Michael Cross 

Doubting Thomas

A solution to the productivity paradox, which has been nagging economists for years, is closer than ever, writes Michael Cross
  
  


The technical term is futzing. We've all done it: frittered away a day getting a new IT system to work, rather than doing what we're paid for. Futzing is one reason why computers do not seem to be the boon to productivity their makers would like us to believe.

Doubts about IT's contribution to profits are not good for computer makers, especially at a time when customers are taking a hard look at the costs of IT. Recent research shows the "total cost of ownership" to be much higher than the price on the box. One study, for example, showed that an enterprise resource planning (ERP) system costing $4m in software and hardware actually cost $20.5m to install. Other studies show that only a minority of IT projects achieve what they set out to do.

All this creates a climate of scepticism around investments in IT, hitting the suppliers' bottom lines. In the US, spending on IT is set to fall for the third year in a row. This is why IT firms, led by Microsoft, are investing millions on ways of identifying and measuring benefits.

An organisation called the Information Work Productivity Council has launched a programme of research at the Sloan school of management at Massachusetts Institute of Technology (MIT) to identify new ways of measuring benefits. In the words of one sponsor, James Firestone, a senior vice president of Xerox Corporation, one of the eight corporate members: "It will find ways to unlock the latent productivity in technology hardware, software solutions and service offerings."

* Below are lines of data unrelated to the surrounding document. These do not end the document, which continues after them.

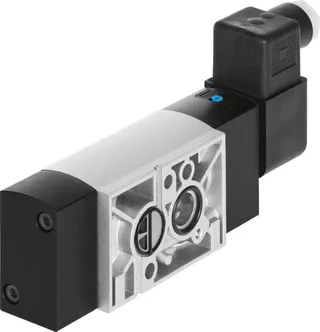 Festo VSNC-F-P53E-M-N14-P2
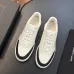 YSL Sneakers Shoes for MEN #A63718
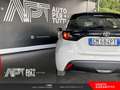 Toyota Yaris Yaris 1.0 Active Wit - thumbnail 27
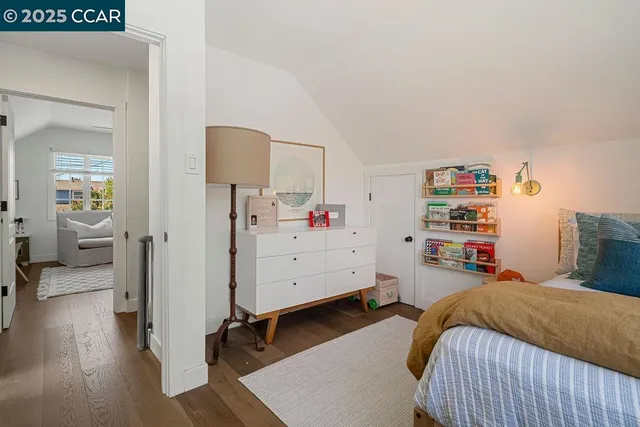 $835,000 | 4161 Huckleberry Drive, Concord, CA 94521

The "productivity paradox" has been worrying economists since the late 1980s. They noticed that despite massive investments in IT, US productivity in the 1960s and 1970s grew at an average of just 1% a year. As a Nobel prizewinner, Robert Solow, put it: "You can see computers everywhere but in the productivity statistics."

MIT Professor Erik Brynjolfsson, who is leading the $4.5m research project, says the paradox is being resolved. He says that more recent data from the 1990s at last show a correlation between rising IT spending and productivity.

Earlier this year, Brynjolfsson revealed to a seminar sponsored by BT - another firm with a keen interest in proving that technology helps productivity - the results of a long-term study of 800 US firms showing a correlation between IT investment and market value.

He likens the impact of IT to that of the electric motor in factories at the beginning of the 20th century. Manufacturers enthusiastically adopted electric motors to replace steam engines in their plants, but at first the motors merely duplicated their functions. It was only when manufacturers started to distribute electric motors around factories and design buildings for the convenience of production lines rather than around the central steam engine that the great leaps in manufacturingproductivity became possible.

Something similar, Brynjolfsson says, may be happening with IT. The technology itself doesn't make a difference, but the process changes that it enables do. "IT is significantly more productive when combined with organisational change."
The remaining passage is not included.